Saturday, May 23, 2026

The New Communal Jetty Berth Agreement - Read This First


Below is the email I sent to Boet Grobler, GM of the HOA, on 21 May 2025. The facts don't need my commentary. They speak for themselves.     (Bold added here for emphasis)

Dear Boet,

I have a Thesen Islands Jetty Berth Agreement signed by me and the Thesen Islands Home Owners Association (the Parties), on 14 February 2004, for a jetty berth designated as 1-1.  You have the original agreement in your office.

The period began on the Occupation Date, 14 February 2004 and terminates on 31 December 2101.

I quote from this Agreement: No variation of the Agreement shall affect the terms thereof unless such variation shall be reduced to writing under the hands of the Parties.

Having taken legal advice, I will not be signing the new Agreement. It would leave me in a materially worse position by introducing ongoing monthly levies, reserve fund contributions, additional administrative costs, and more onerous transfer provisions, all of which materially erode my existing rights.

Therefore the existing Agreement will continue to regulate the relationship between the Parties.

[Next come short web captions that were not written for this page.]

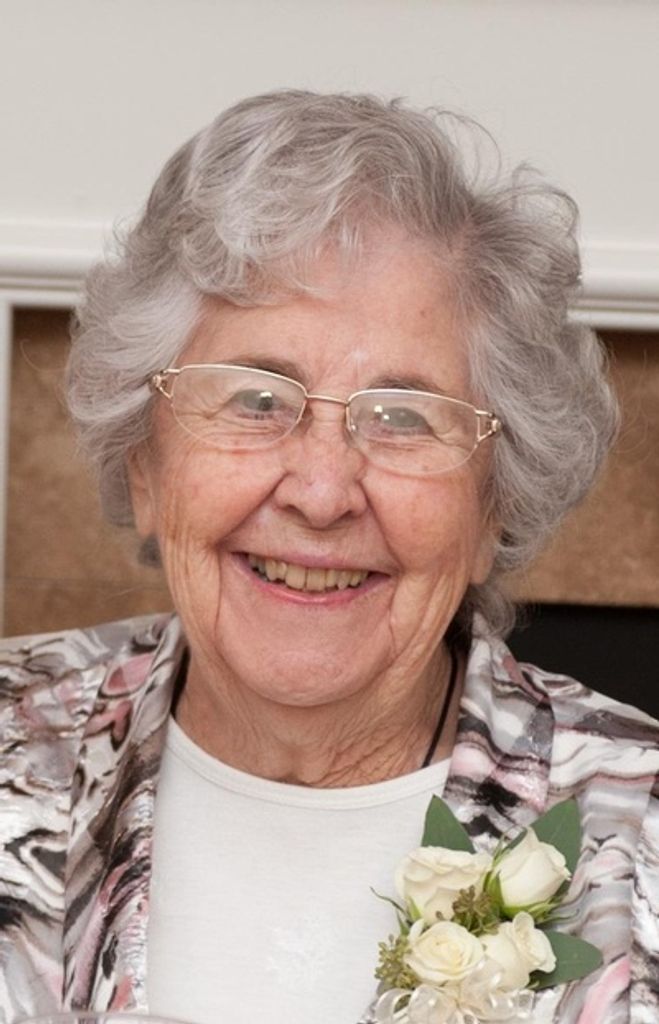 Lavina Lucille Rotolo Profile Photo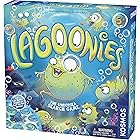 ラグーニーズ Lagoonies/Glupschgeister ファミリーボードゲーム 日本語説明書付き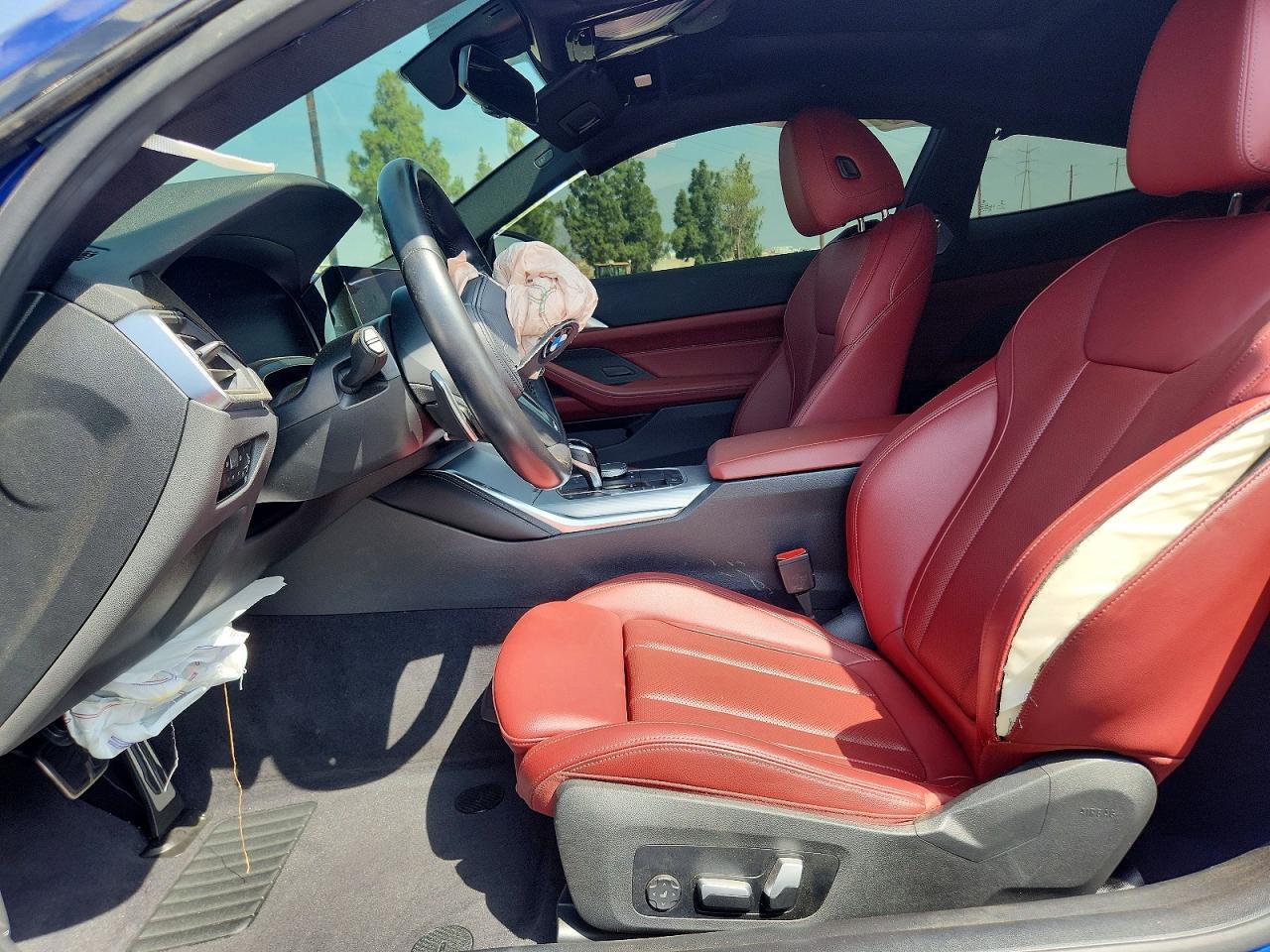 2023 BMW 430I - Image 7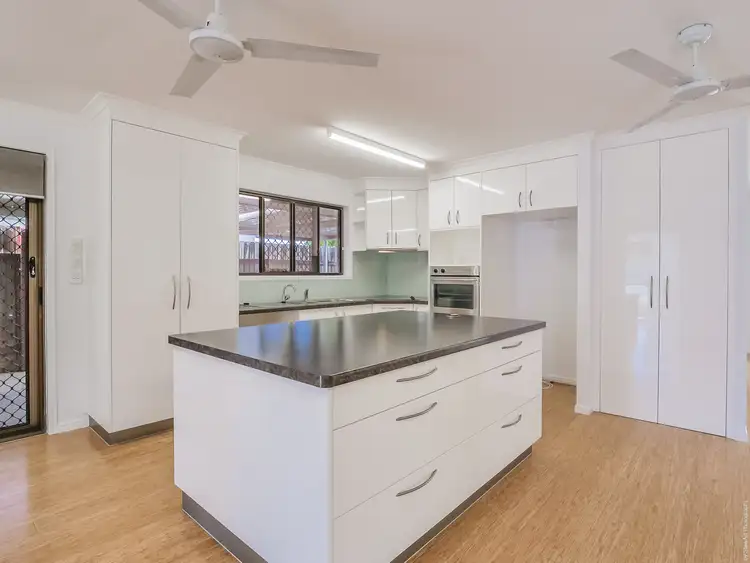 Fifth view of Homely house listing, 6 Ladbroke Crescent, Urangan QLD 4655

The new Agreement was submitted without notice, explanation, or any account of the changes. More fundamentally, the HOA has failed to acknowledge the existence of a binding Agreement between us, one that can only be varied with the consent of both Parties. This falls short of the HOA's constitutional obligation to protect members' interests. I request that you withdraw it.

I intend to share this email on my blog so that fellow berth holders can consider the implications and make an informed decision before signing, which the HOA has failed to provide.

Sincerely,

Ken Rutherford

Yesterday, I received a reply from the HOA. While it acknowledges the existence of my 2004 Agreement, it sidesteps the central issue: that the Agreement is a binding contract that cannot be varied without the consent of both parties. Instead, it focuses on justifying the need for a new agreement — justification that does not bear scrutiny. Notably, the HOA's rebuttal of my point about their constitutional obligation conveniently misreads my concern — I was referring to the manner in which the new agreement was presented, not to the jetty replacement programme itself, as you can plainly read above.
If you would like to read the HOA's position for yourself, simply tell them you won't be signing the agreement as you are happy with your current agreement. You will likely get the same answer I got.


2 comments:

  1. Anonymous7:45 am

    According to the existing Agreement, how is the maintenance for these communal jetties funded? If those jetty owners did not pay a specific levy, it means that all homeowners are funding that which means those with private jetties are funding their own, plus the communal jetties? Is that correct? If so, is that fair?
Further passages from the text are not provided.